With one of the biggest budget deficits in the European Union, France is under mounting pressure to rein in overall spending and only passed its 2025 budget last month after weeks of delay in a deeply divided parliament.
Now, geopolitical headaches resulting from U.S. President Donald Trump’s rapprochement with Russia and his temporary freeze on military aid to Ukraine are likely to exert fresh pressure on France’s cost-cutting commitments.
“France is heading towards difficult budgetary trade-offs to reconcile the government’s commitment to lower budget deficits while increasing defence spending,” Scope Ratings agency said in a research note.
France is not alone in its push to put the economy on a war footing.
The parties hoping to form Germany’s next government on Tuesday agreed on a major debt overhaul, paving the way for massive spending on defence and infrastructure.
That same day, the European Commission proposed borrowing up to 150 billion euros to lend to EU governments under a rearmament plan. British Prime Minister Keir Starmer has said he would increase defence spending to 2.5% of GDP by 2027 and eventually target 3%.
‘GO FASTER AND HARDER’
Macron, who said he would address the nation on Wednesday evening at a “time of great uncertainty,” told Le Figaro newspaper this week that European countries needed to push defence spending to “around 3-3.5%”, substantially higher than the current 2% target for NATO members.

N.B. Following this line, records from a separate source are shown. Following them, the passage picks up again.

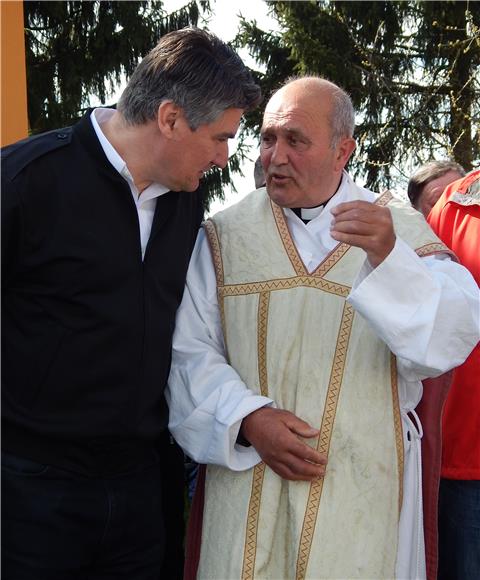 Premijer Milanović sudjelovao u manifestaciji 'Kostelska uskrsna pištola' 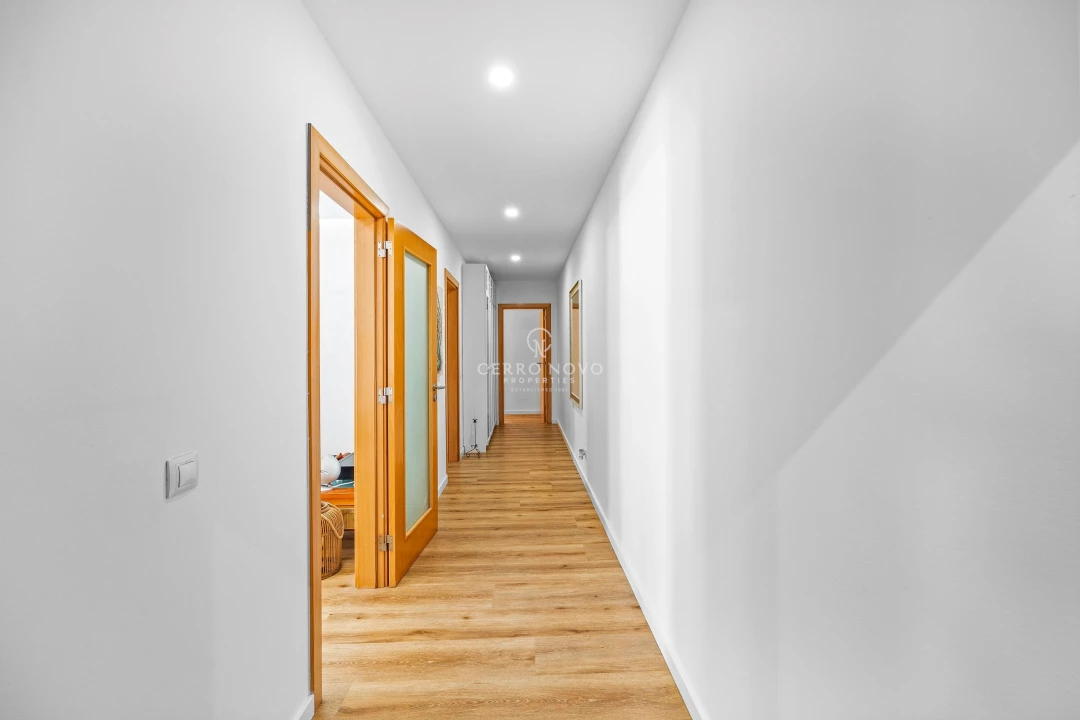 Apartamento T2 para Venda em Ferragudo Foto 13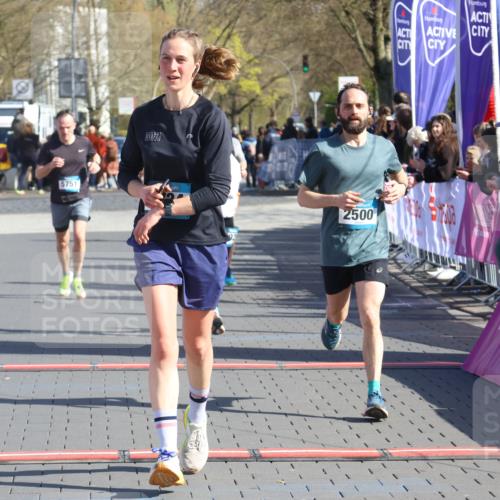 12.04.2026 - 45. Internationalen Wilhelmsburger Insellauf Strokosch-Dieckow http://msf.ph/oto/9454748 12.04.2026 10:43:14 Ziel 2724, 2500, 3021, 5751 meine-sportfotos.de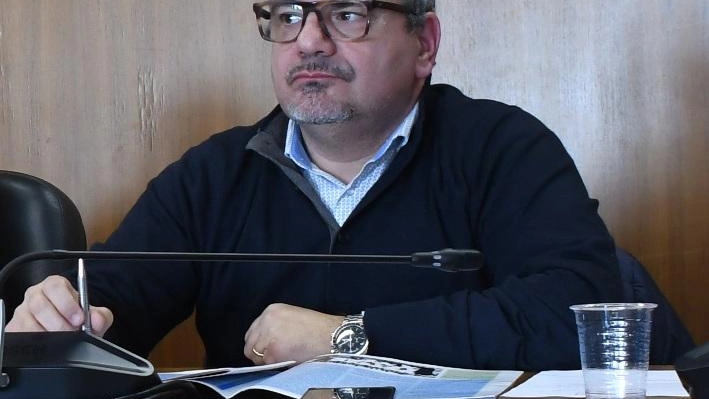 Il consigliere di opposizione, Simone Caffaz, minaccia di ricorrere alla magistratura se la sindaca Serena Arrighi non ritira le delege all’assessora Lara Benfatto Il consigliere di opposizione, Simone Caffaz, minaccia di ricorrere alla magistratura se la sindaca Serena Arrighi non ritira le delege all’assessora Lara Benfatto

France is already increasing military spending by 3 billion euros ($3.15 billion) annually until 2030 under a long-term defence planning law, which Armed Forces Minister Sebastien Lecournu has said needs to be revised to reflect the new geopolitical realities.
France complies with NATO’s 2% target, but unlike most other members it funds a broader range of defence commitments, from a nuclear arsenal to an aircraft carrier and highly respected home-grown weapons programmes like its Rafale fighter jet.

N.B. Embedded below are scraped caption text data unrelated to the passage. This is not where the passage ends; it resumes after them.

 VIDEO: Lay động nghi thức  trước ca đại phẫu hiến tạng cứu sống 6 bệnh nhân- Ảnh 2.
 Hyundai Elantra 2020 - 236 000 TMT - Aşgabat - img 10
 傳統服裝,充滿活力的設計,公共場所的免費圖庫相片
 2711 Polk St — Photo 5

However, to lift defence spending to 3% of GDP, France would need to find an extra 30 billion euros per year, according to Reuters calculations.
“We must go faster and harder,” Finance Minister Eric Lombard told Franceinfo radio on Tuesday, adding that welfare spending would not be sacrificed to pay the bill.

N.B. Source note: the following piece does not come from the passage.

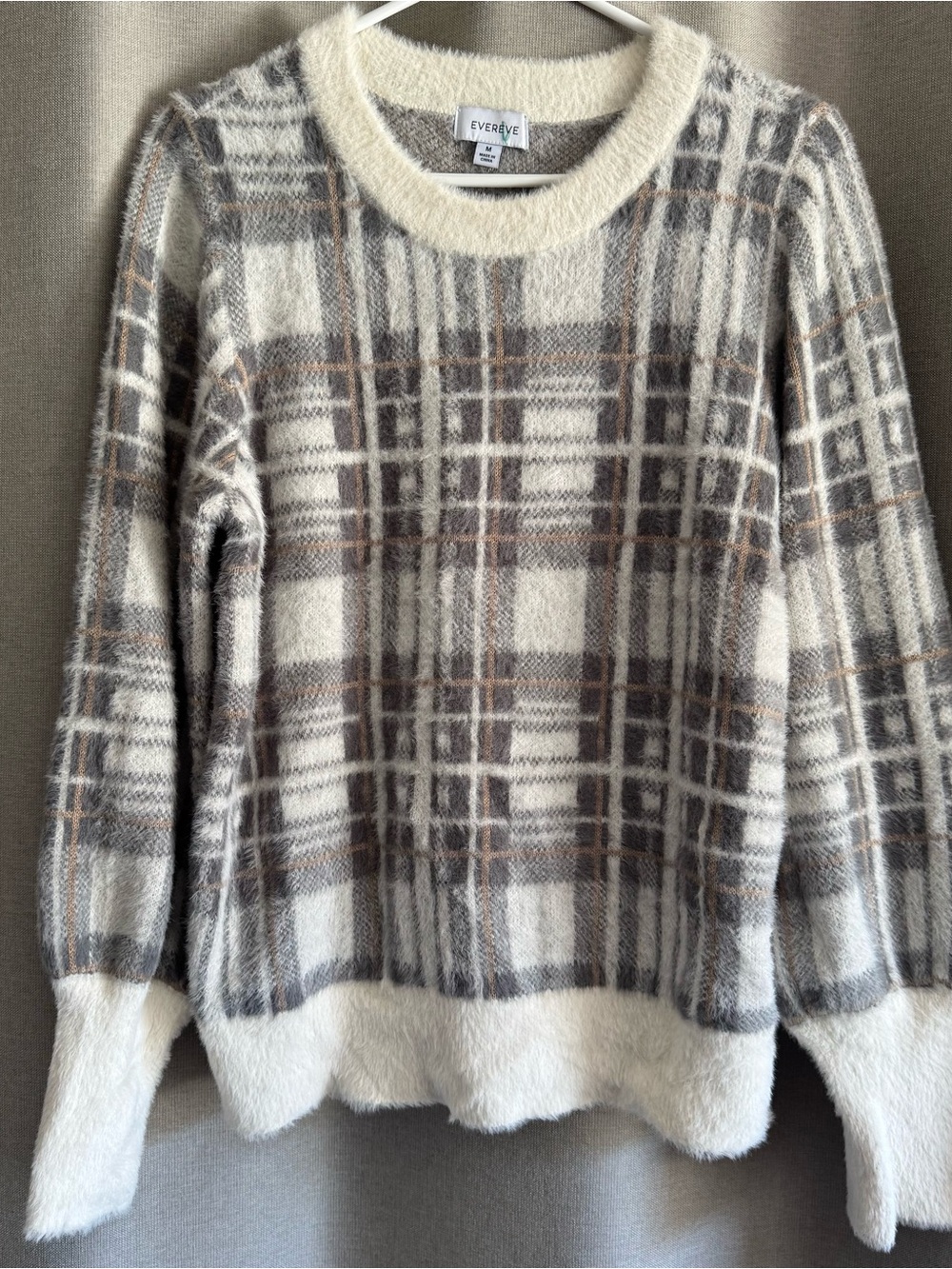 Evereve Cream Plaid Fuzzy Eyelash Knit Sweater size Medium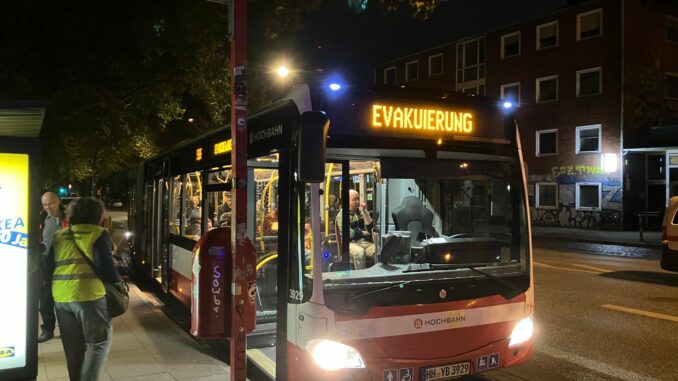 Mit Bussen können die Menschen das Schanzenviertelverlassen.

Nonetheless, Macron has said that tough budget choices are unavoidable, citing the example of the early 1960s when President Charles de Gaulle invested massively to build up France’s nuclear arsenal.
“We could have told General De Gaulle regarding the billions spent on nuclear dissuasion ‘Why not use it on French purchasing power instead?’,” Macron said.
POLITICAL WILL?
With the exception of the far left, most French parties are comfortable with raising defence spending, but there is much less of a consensus on how to pay for it, especially if it requires big cuts elsewhere.
Opposition parties ousted the last prime minister, conservative Michel Barnier, in December when he tried to push through big spending cuts to rein in the deficit under pressure from ratings agencies and rising debt payments.
As Britain hikes defence spending, London is planning to cut its development aid, a move France would find difficult after having already slashed such outlays by more than 30% in the 2025 budget.
While ruling out corporate tax hikes to fund defence, Lombard said the wealthy could contribute more, which should please parties on the left like the Socialists who have called for “fiscal patriotism” to finance defence.
The government also has no wiggle room this year as it seeks to narrow its budget deficit to 5.4% of GDP on the way to the EU’s target ceiling of 3% in 2029.
A proposal from the European Commission to carve out defence spending from the EU limit would ease some of the political pressure, although that does little to ease France’s growing pile of debt.
“We’ve got budget constraints,” Lombard said. “We’ve got 3.3 trillion euros in debt, which means each year we pay our lenders more than 50 billion euros, which is about as much as the defence budget.”